Sivas Darüşşifası Vakfiyesi ilk defa Muallim Cevdet ve Süheyl Ünver tarafından Evkaf mahzeninde bularak ortaya çıkarılmıştır. Muallim Cevdet tarafından 1938 yılında Türkçesiyle birlikte yayımladığı özeti, bu konudaki bütün eserlere kaynaklık sağlamıştır.
Vakıflar Genel Müdürlüğü arşivinde 584 numaralı defterin 288-291 sayfaları arasında yer almaktadır. Vakfiyenin 1946 yılında vakıflar idaresince yapılan tercümesi kontrolden geçirilip, Refet Yinanç´ın çalışmalarından yararlanılarak Ali Haydar Bayat tarafından yayımlanmıştır. Tercüme kısmı vakıflar arşivinde 1205 numaralı defterin 365-376 sayfaları arasındadır. Vakfiye günümüze ulaşan tek Darüşşifa vakfiyesi ve tek Sultan vakfiyesidir.

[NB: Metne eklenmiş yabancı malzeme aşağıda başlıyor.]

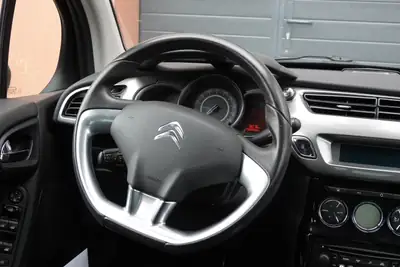 Citroën C3 1.6i 16V Automatic — Citadine fiable, entretien maîtrisé, sans sinistre — Miniature 12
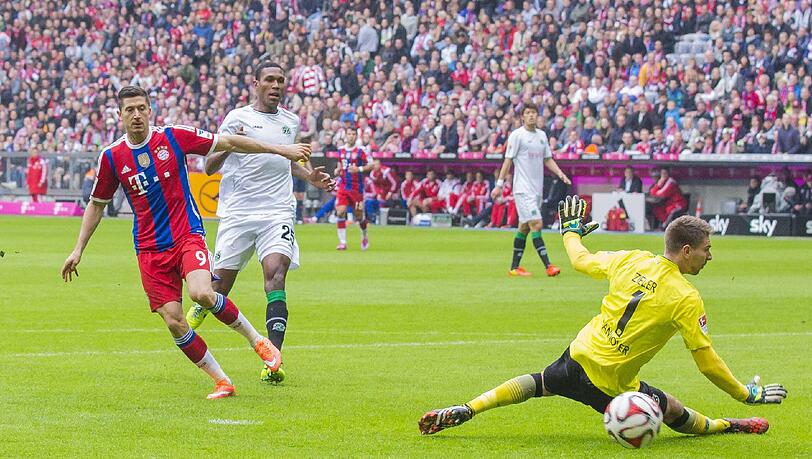 Lewandowski überwindet Hannovers Torhüter Zieler zum 1:0 Lewandowski überwindet Hannovers Torhüter Zieler zum 1:0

Birkaç haftadır, kısa bir özet halinde anlatmaya çalıştığım, I. İzzeddin Keykavus ve Sivas Darüşşifası bahsini şimdilik kapatalım. Sözümüz Sivas tarihi ile ilgili oldukça mutlaka ileriki yazılarımızda zaman zaman yine dile getireceğim. Haftaya görüşmek umudu ile?
Kaynakça:
Orhan Cezmi Tuncer ? Sivas I. İzzeedin Keykavus Şifahanesi Üzerine Üç Not
Oral M. Zeki ? Konya´da Alaüddin Camisi ve Türbeleri?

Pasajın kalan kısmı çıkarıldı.